Provides a preconditioner for the nonlinear solver trying to bring the residual to zero. The Jacobian is approximated as a block matrix, where each block is a tridiagonal matrix using a finite difference method for differentiation.
| Type | Intent | Optional | Attributes | Name | ||
|---|---|---|---|---|---|---|
| class(ice_shelf), | intent(inout) | :: | this | |||
| class(glacier), | intent(in), | dimension(:) | :: | previous_states | The states of the glacier in the previous time steps. The first element of the array should be the most recent. The default implementation will only make use of the most recent state, but the fact that this is an array allows overriding methods to use older states for higher-order integration methods. |
|
| class(scalar_field), | intent(in) | :: | melt_rate | Thickness of the ice above the glacier |
||
| class(scalar_field), | intent(in) | :: | basal_drag_parameter | A paramter, e.g. coefficient of friction, needed to calculate the drag on basal surface of the glacier. |
||
| real(kind=r8), | intent(in) | :: | water_density | The density of the water below the glacier |
||
| real(kind=r8), | intent(in), | dimension(:) | :: | delta_state | The change to the state vector which is being preconditioned. |
The result of applying the preconditioner to delta_state.
function shelf_precondition(this, previous_states, melt_rate, &
basal_drag_parameter, water_density, &
delta_state) result(preconditioned)
!* Author: Chris MacMackin
! Date: January 2016
!
! Provides a preconditioner for the nonlinear solver trying to
! bring the residual to zero. The Jacobian is approximated as a
! block matrix, where each block is a tridiagonal matrix using a
! finite difference method for differentiation.
!
class(ice_shelf), intent(inout) :: this
class(glacier), dimension(:), intent(in) :: previous_states
!! The states of the glacier in the previous time steps. The
!! first element of the array should be the most recent.

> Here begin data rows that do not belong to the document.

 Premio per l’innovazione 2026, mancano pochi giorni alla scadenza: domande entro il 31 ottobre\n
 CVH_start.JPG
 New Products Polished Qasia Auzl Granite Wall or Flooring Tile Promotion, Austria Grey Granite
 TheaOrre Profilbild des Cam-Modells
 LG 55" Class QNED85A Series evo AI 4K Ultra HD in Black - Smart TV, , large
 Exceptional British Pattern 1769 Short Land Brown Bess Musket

The
!! default implementation will only make use of the most
!! recent state, but the fact that this is an array allows
!! overriding methods to use older states for higher-order
!! integration methods.
class(scalar_field), intent(in) :: melt_rate
!! Thickness of the ice above the glacier
class(scalar_field), intent(in) :: basal_drag_parameter
!! A paramter, e.g. coefficient of friction, needed to calculate
!! the drag on basal surface of the glacier.

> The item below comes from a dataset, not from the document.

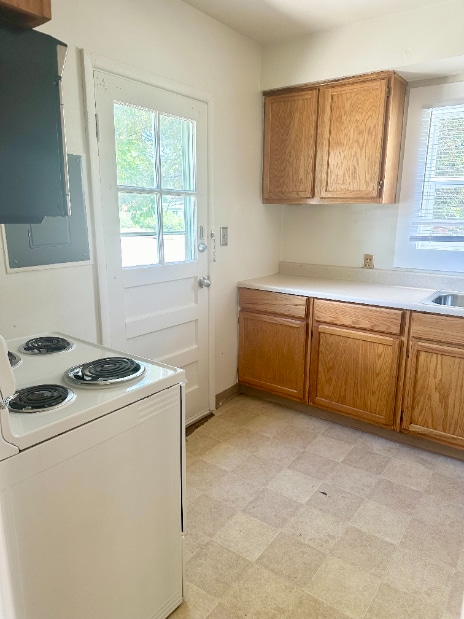 Photo - 720 E 17th St Unit A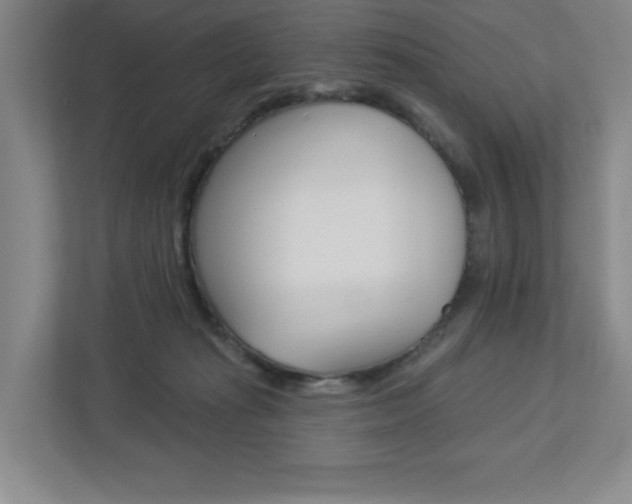 X0000113180269200909041000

real(r8), intent(in) :: water_density
!! The density of the water below the glacier
real(r8), dimension(:), intent(in) :: delta_state
!! The change to the state vector which is being preconditioned.

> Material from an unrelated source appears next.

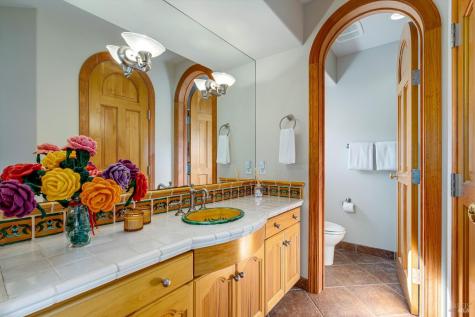 2420 Mountain Ranch Road Petaluma CA 94954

real(r8), dimension(:), allocatable :: preconditioned
!! The result of applying the preconditioner to `delta_state`.
type(cheb1d_scalar_field) :: delta_h
integer :: i, sl, el, su, eu
integer, dimension(:), allocatable :: boundary_locations
real(r8) :: delta_t
call melt_rate%guard_temp(); call basal_drag_parameter%guard_temp()
allocate(preconditioned(size(delta_state)))
select type(previous_states)
class is(ice_shelf)
delta_t = this%time - previous_states(1)%time
class default
call logger%fatal('ice_shelf%precondition','Type other than `ice_shelf` '// &
'passed to `ice_shelf` object as a previous state.')
error stop
end select
call delta_h%assign_meta_data(this%thickness)
call delta_h%set_from_raw(delta_state)
associate(jac => this%thickness_jacobian, uvec => this%velocity)
if (this%stale_jacobian) then
sl = this%thickness_size - this%thickness_lower_bound_size + 1
el = this%thickness_size
su = 1
eu = this%thickness_upper_bound_size
boundary_locations = [(i, i=sl,el), (i, i=su,eu)]
jac = jacobian_block(uvec%component(1), 1, boundary_locs=boundary_locations) &
+ 1._r8/delta_t
this%stale_jacobian = .false.
end if
delta_h = jac%solve_for(delta_h)
end associate
preconditioned = delta_h%raw()
call melt_rate%clean_temp(); call basal_drag_parameter%clean_temp()
#ifdef DEBUG
call logger%debug('ice_shelf%precondition','Applied preconditioner for ice shelf.')
#endif
end function shelf_precondition